I've been using R for at least 5 years. Lately, I've been trying to pick up python as well, which is quite the learning experience! I've been through some tutorials (or pieces of them) from think python and lpthw, as well as classes on Coursera. With some basics under my belt, I started getting into numpy and pandas, which is where things got tricky. I can vaguely recall a time in my R Padawan days when I had a sense of what I wanted to do, but didn't know enough to even formulate the question correctly. I also find I don't learn well by just reading docs. I want to poke and prod around, trying to wrap my head around what I'm reading. For example, I ran across the the function tolist() via SO, but have no idea how to interpret this as it is:

Series.tolist()
  Convert Series to a nested list

I thought a pd.Series was just like an R vector; why would it be "nestable" in the first place? What is a nested list and why do I want that? Some examples just show that it converts from a pd.Series to a list. I don't see any "nesting," but then don't know what that is.

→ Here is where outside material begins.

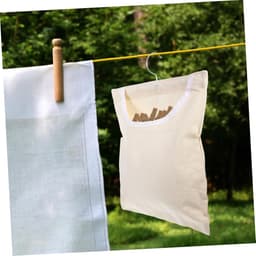 Wasknijper Opbergtas - Kleding Clip Houder - Wasknijpers Opbergen - Met Ophanghaak - 35x27cm - Beige — thumbnail 4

In any case, the point is that instead of trying to just learn pandas in some linear way, I thought it might be more effective to simply take some R code and translate it to python. I know what I want to know and the tools I would use in R, so getting my brain around how to do the same in python seemed like an interesting way to learn. Whatever I pickup will be relevant (I'm already doing these sorts of tasks), and the learning is more targetted (I'm extracting the small % of information I need vs. trying to digest things I likely will never use).